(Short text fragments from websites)
• • • • •

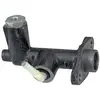 ABS All Brake Systems Hoofdcilinder koppeling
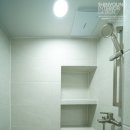 LG신산본자이2차 이미지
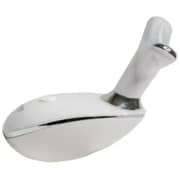 Pritty Neck and Face Lifting Massager - ES-1081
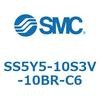 56642083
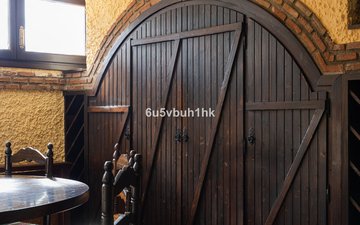 Property slide 32
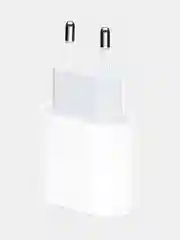 Блок питания для iPhone c Type-C, c быстрой зарядкой, 20W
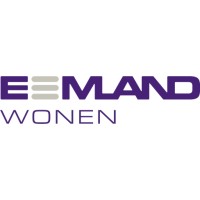 Eemland Living logo, Eemland Living contact details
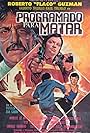 Programado para matar (1991)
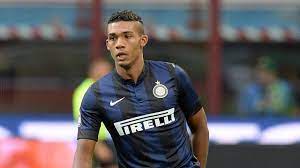 We did not find results for: Inter Milan S Juan Jesus Would Love To Team Up With Leandro Damiao And Oscar Football News Sky Sports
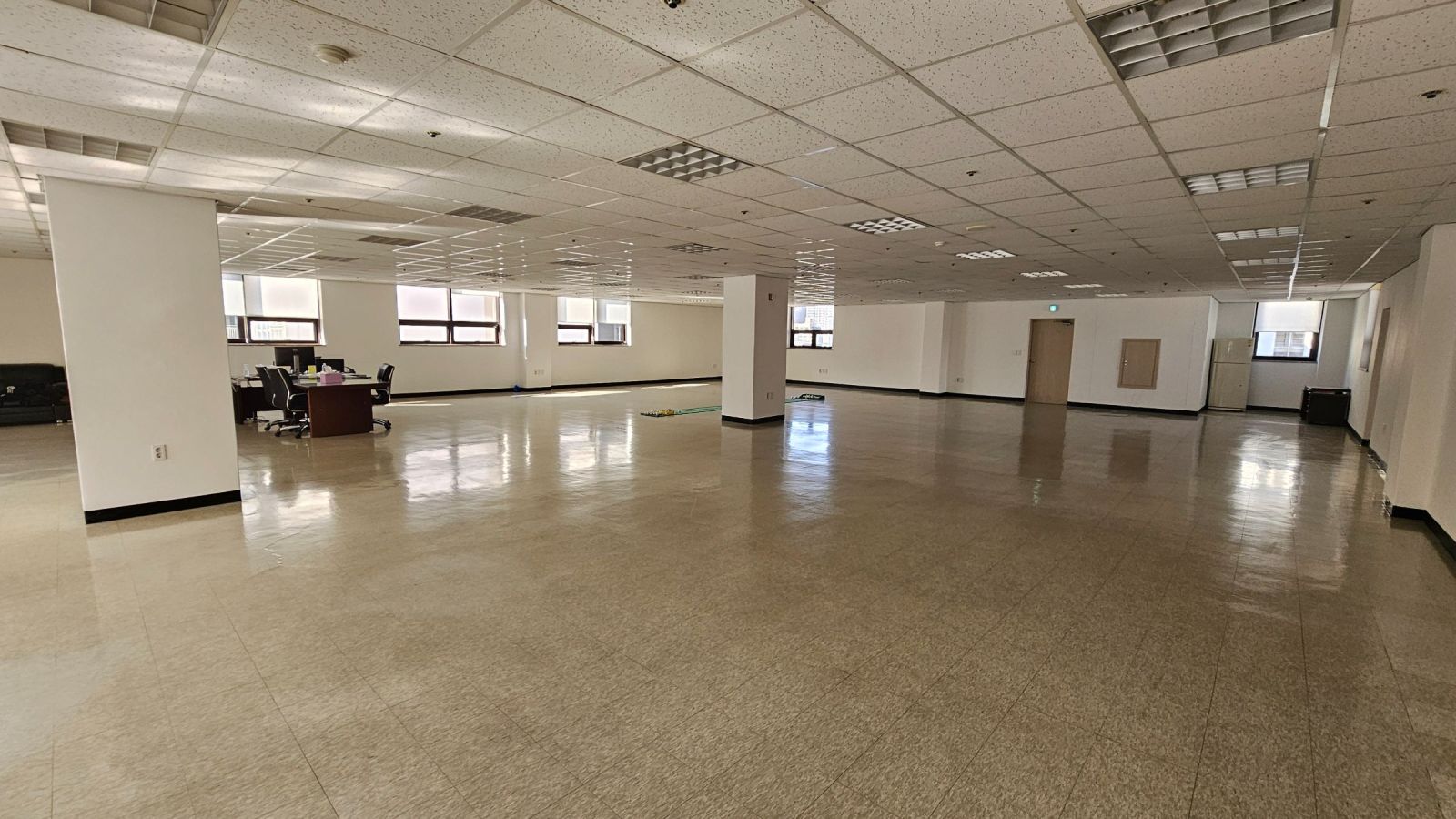 부산광역시 부산진구 양정동 사무실 썸네일 6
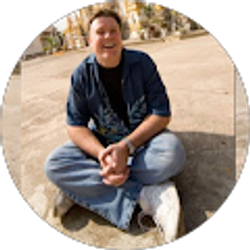 Profile photo of BKKSW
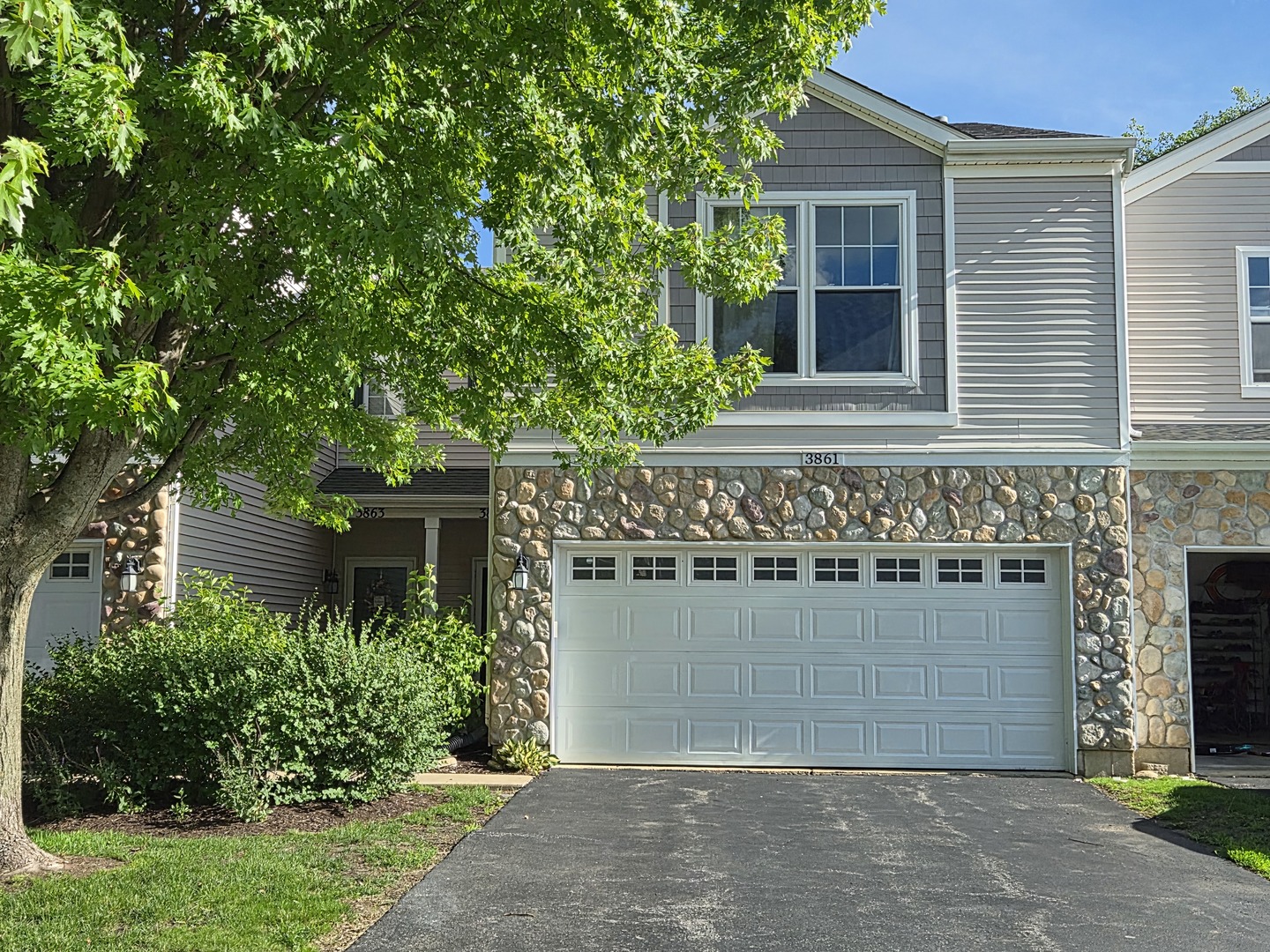 3861 Slate Road Aurora, IL 60504 - Photo 1 of 35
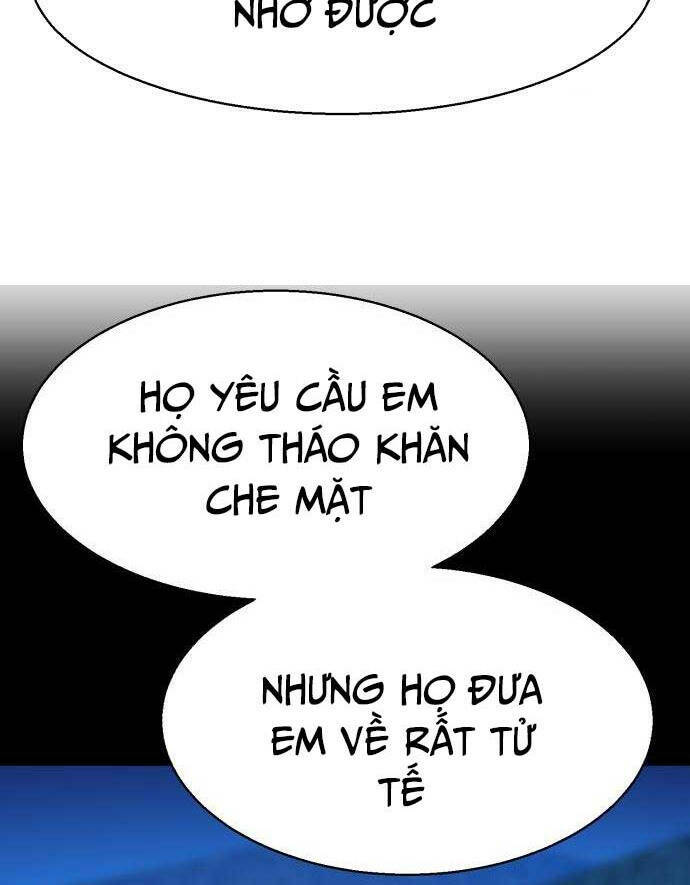 Bạn Học Của Tôi Là Lính Đánh Thuê - Chapter 142 - Page 31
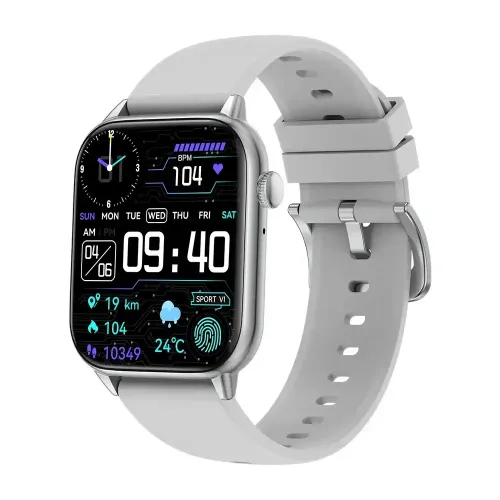 COLMI C60 Smart Watch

• • • • •

WHAT YOU HAVE TO DO -
I would like you to set down the lines above, from the one containing "Bạn Học Của" to the final line, exactly as written and without pictures.

YOUR SOLUTION -
 Bạn Học Của Tôi Là Lính Đánh Thuê - Chapter 142 - Page 31
 COLMI C60 Smart Watch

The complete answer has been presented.